* What to do
Please restate, word for word, the lines below that begin at the one with "empty room with" and end at the one with "Back view portrait". Leave out all other lines.

Stored data below:

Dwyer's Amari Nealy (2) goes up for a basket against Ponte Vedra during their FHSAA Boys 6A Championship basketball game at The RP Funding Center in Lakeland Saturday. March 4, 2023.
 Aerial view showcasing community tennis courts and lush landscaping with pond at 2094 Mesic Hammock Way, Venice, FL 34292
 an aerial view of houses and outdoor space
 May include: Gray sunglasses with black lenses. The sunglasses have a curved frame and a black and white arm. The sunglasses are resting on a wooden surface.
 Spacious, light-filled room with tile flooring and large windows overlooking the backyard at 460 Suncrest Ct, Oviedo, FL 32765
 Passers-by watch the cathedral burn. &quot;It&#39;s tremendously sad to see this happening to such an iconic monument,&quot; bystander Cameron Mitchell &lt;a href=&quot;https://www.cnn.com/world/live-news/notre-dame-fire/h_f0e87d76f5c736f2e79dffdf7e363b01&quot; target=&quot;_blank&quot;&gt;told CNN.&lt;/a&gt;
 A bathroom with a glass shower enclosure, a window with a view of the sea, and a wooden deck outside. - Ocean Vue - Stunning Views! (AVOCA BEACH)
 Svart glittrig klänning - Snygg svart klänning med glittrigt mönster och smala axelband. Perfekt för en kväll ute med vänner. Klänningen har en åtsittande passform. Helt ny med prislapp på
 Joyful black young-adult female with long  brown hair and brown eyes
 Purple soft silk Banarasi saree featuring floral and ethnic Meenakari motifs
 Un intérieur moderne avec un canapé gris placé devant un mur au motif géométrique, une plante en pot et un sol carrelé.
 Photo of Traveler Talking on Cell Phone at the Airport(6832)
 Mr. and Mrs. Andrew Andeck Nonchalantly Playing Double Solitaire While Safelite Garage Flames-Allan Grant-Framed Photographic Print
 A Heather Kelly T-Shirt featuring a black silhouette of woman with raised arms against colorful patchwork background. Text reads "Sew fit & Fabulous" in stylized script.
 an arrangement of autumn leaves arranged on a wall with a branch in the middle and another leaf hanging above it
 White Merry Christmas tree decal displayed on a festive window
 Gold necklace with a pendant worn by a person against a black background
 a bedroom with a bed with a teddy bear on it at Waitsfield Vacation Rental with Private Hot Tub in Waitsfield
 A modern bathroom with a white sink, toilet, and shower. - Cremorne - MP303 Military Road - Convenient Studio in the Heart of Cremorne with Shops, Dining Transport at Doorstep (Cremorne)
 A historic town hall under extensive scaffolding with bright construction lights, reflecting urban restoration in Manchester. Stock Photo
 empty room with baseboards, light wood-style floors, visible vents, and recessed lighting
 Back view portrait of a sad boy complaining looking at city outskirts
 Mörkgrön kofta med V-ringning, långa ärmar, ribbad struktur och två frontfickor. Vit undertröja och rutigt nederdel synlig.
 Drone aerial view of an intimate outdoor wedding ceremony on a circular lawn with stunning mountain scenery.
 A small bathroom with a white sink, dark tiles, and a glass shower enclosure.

End of Stored data.

* Output below
 empty room with baseboards, light wood-style floors, visible vents, and recessed lighting
 Back view portrait of a sad boy complaining looking at city outskirts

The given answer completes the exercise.